En effet le rapport déplore que “seulement 3,4 % des enseignants proposent à leurs élèves des textes 100 % déchiffrables, malgré la reconnaissance de l’inefficacité des méthodes mixtes”. D’où viendrait cette reconnaissance ? Apparemment, d’une unique étude non encore publiée, le rapport renvoie seulement vers la vidéo d’une présentation des chercheurs qui étudient l’impact des manuels en ayant neutralisé les autres facteurs (notamment la compétence de l’enseignant) qui sont reconnus comme étant primordiaux.
Pire, il est précisé que pour permettre une meilleure réussite des élèves il faudrait non seulement une méthode qui propose des textes 100 % décodables par les élèves mais aussi écarter tout apprentissage de “mots outils”, c’est-à-dire la reconnaissance de mots non déchiffrables comme “est” ou contenant des sons non encore étudiés, par exemple le mot “toujours” avant d’avoir étudié le son “ou”. 

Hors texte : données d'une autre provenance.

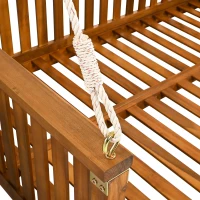 Minimalist Twin Swing Bed with Ropes for Patio & Backyard, Wood Porch Swing with Safe Sloped Design, 79" L x 41.5" W x 21" H, Teak(m-11)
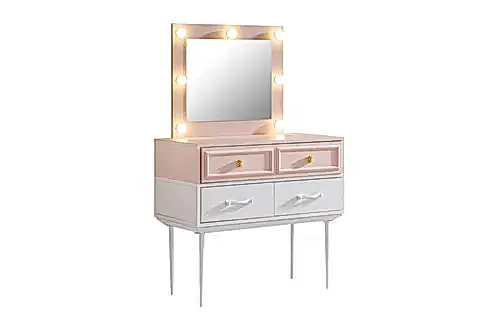 ROSA ÇEKMECELİ LEDLİ ŞİFONYER VE AYNASI, PEMBE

Jusqu’à présent, le consensus scientifique est qu’il faut travailler le décodage intensivement, dès le début de l’année de CP à un rythme suffisamment soutenu, pas qu’il faille s’y tenir strictement à 100 %, sauf à considérer qu’apprendre à lire uniquement à partir de textes du type “papa fume la pipe” soit suffisant et motivant. Évidemment qu’il faut étudier les correspondances phonologiques et les entraîner, mais notre langue n’étant pas strictement phonétique, cette “nouvelle conception de LA SEULE méthode efficace” est non seulement très probablement fausse mais risque d’aggraver encore la situation.

Il y a quelques années on avait déjà eu la vague de la focalisation intensive sur la phonologie, avec les protocoles d’Agir pour l’École très mécaniques et chronophages, qui n’ont pas donné les résultats escomptés et pour cause. Si les recherches montrent effectivement une corrélation positive entre une bonne conscience phonologique et une meilleure réussite en lecture, tenter de la développer artificiellement avec des entrainements quotidiens systématiques n’a pas eu les résultats escomptés. 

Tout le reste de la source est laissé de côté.